Task statement: Write out exactly the lines from the one containing "The Blissful Dog" to the end of the material, both ends included, and nothing else. Leave pictures out.

Data excerpt:
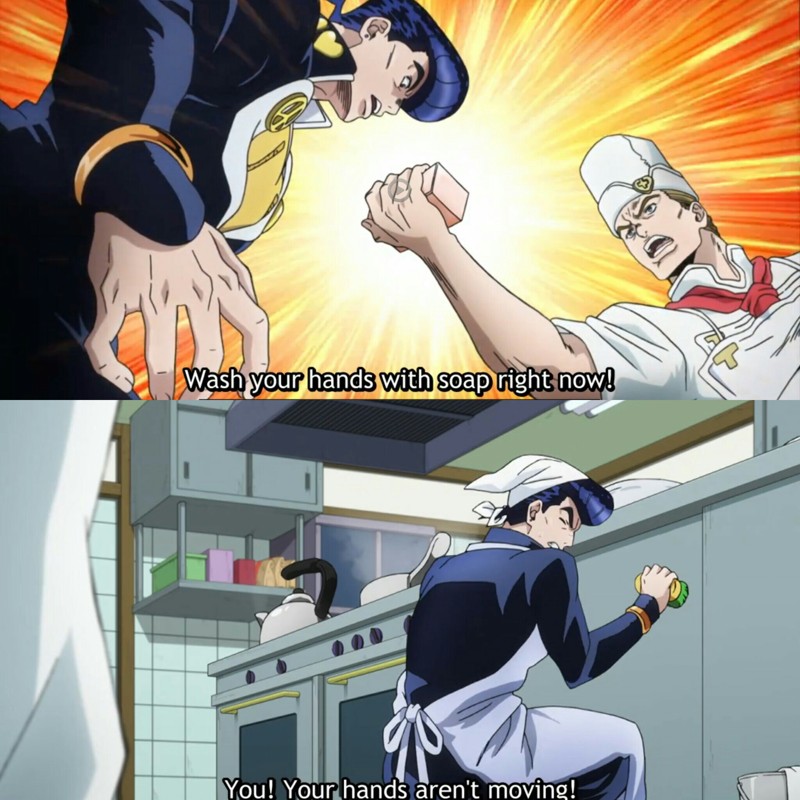 Who would've thought it would end like this.. Certainly not Josuke. 😂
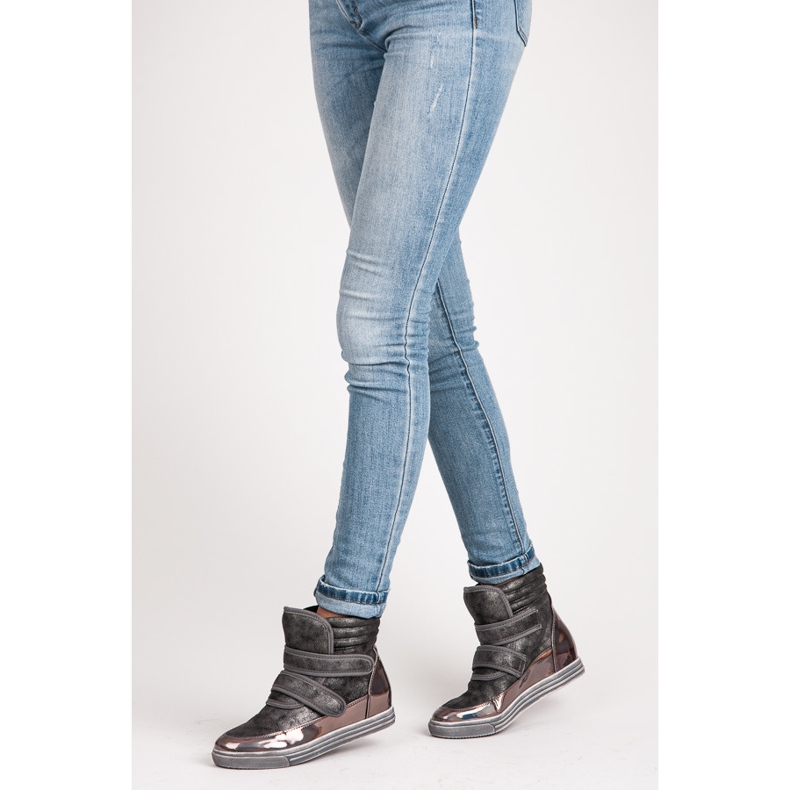 Show It High-gloss sneakers grey 1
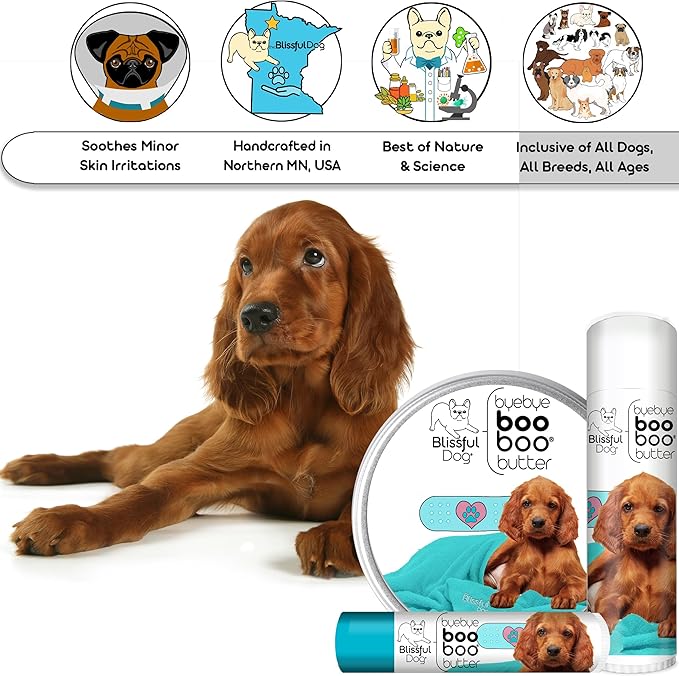The Blissful Dog Irish Setter Boo Boo Butter, 0.50 Ounce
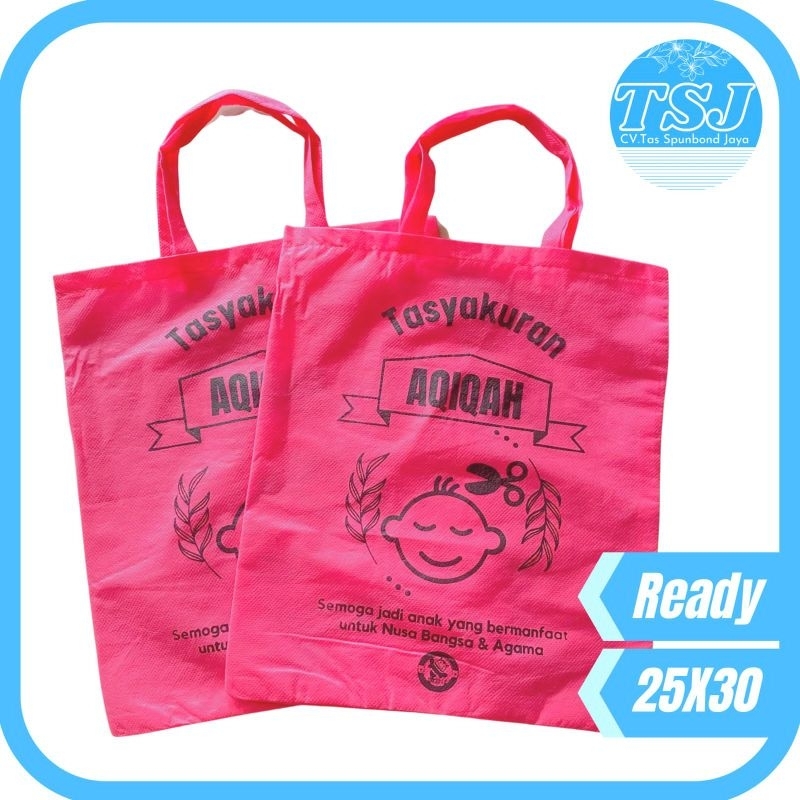 

READY STOCK !!! Tas Aqiqah Souvenir Snack Tasyakuran Termurah | F 25.30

Output for this task:
The Blissful Dog Irish Setter Boo Boo Butter, 0.50 Ounce

READY STOCK !!! Tas Aqiqah Souvenir Snack Tasyakuran Termurah | F 25.30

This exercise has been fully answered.